[sect. 2]
P. Sullam patrem: P. Cornelius Sulla, in whose defense against the charge of having taken part in the Catilinarian conspiracy Cicero delivered the oration Pro Sulla in 62 B.C.
habebamus: cf. sic habeto, Ep. XXVI.1n.
populus, etc.: i.e. the people do not care (to know how he died), as long as they know he is dead. There is probably, as Reid suggests, a double meaning in combustum. Comburere is used literally of burning a man's body upon a funeral pyre, as inAtt. 14.10.1, and figuratively of roasting a man in the courts, as our slang phrase has it. Cf. Q. fr. 1.2.6 deinde rogas Fabium ut et patrem et filium vivos comburat, si possit; si minus, ad te mittat uti iudicio comburantur.

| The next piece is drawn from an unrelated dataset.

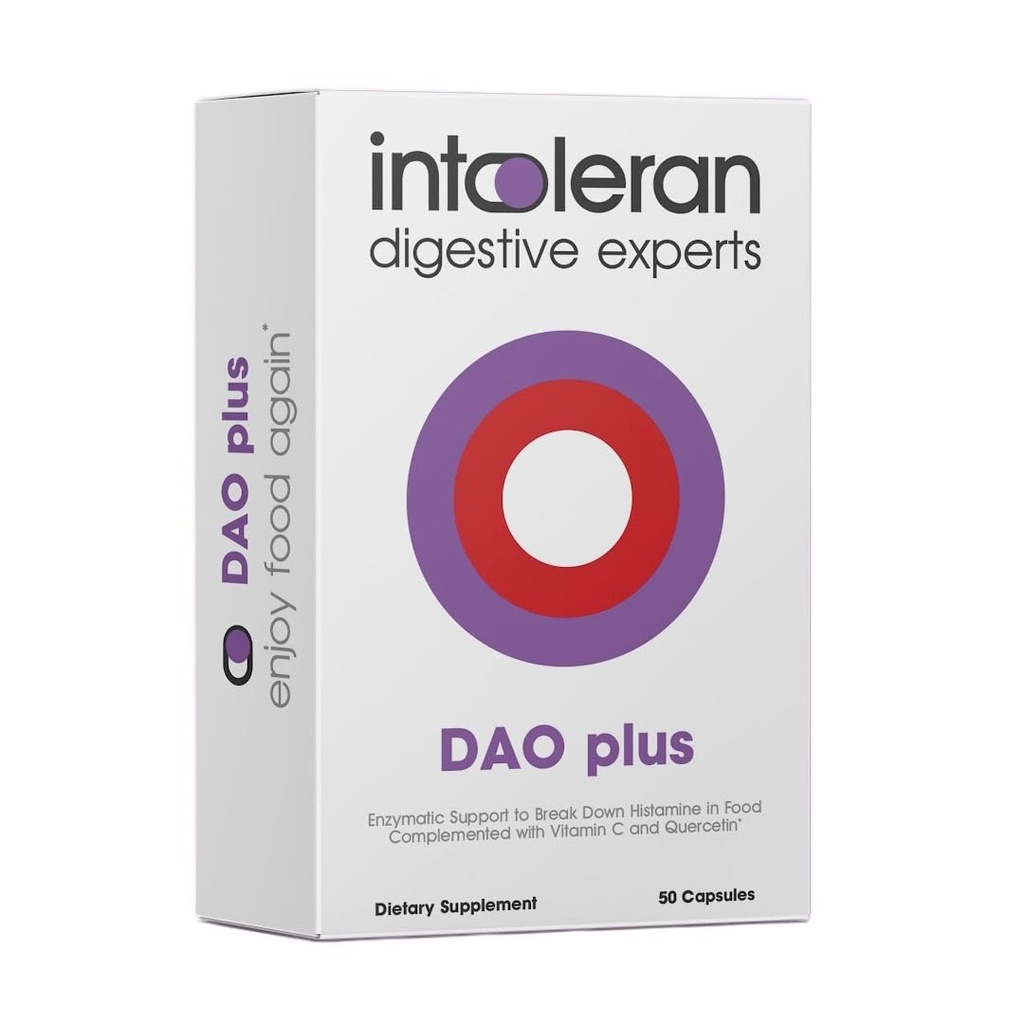 Intoleran DAO Plus 소화 효소 - 50 캡슐 | Histamine Intolerance & DAO 결핍에 대한 보충 | 건강한 Histamine 수준 | 30,000 HDU Diamine Oxidase (DAO) 효소 | 비타민 C & Quercetin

hoc tu, etc.: Cassius replied (Fam. 15.19.3) cuius (i.e. Sullae) ego mortem forti mercules animo tuli.
πρόσωπον πόλεως, a familiar face in the city.

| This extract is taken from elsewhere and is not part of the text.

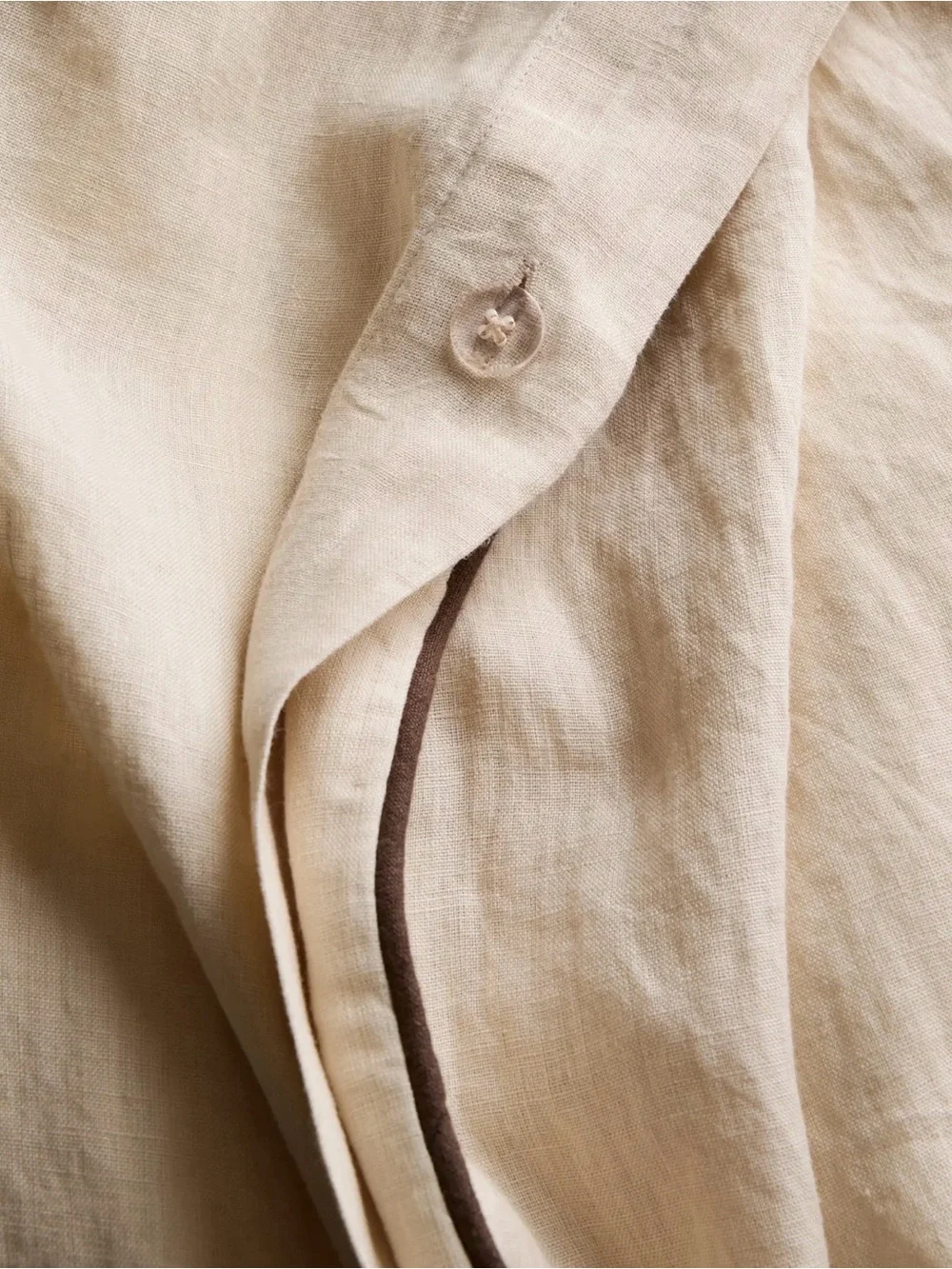 Quince European Linen Piped Duvet Cover Set - Twin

ne hasta refrixisset: a hasta stuck in the ground was the sign of an auction. Sulla gained possession at such sales of many estates confiscated by Caesar; cf. Fam. 15.19.3 Sulla [gap in text] omnia bona coemit. This fact caused his unpopularity. Cicero speaks of his death in the same way in writing to Dolabella (Fam. 9.10.3): ego cetero qui animo aequo fero; unum vereor ne hasta Caesaris refrixerit. Upon refrixisset, cf. Intr. 99.
Mindius [gap in text] perdidisse: the butcher Mindius and the perfumer Attius have now no competitor at auction sales.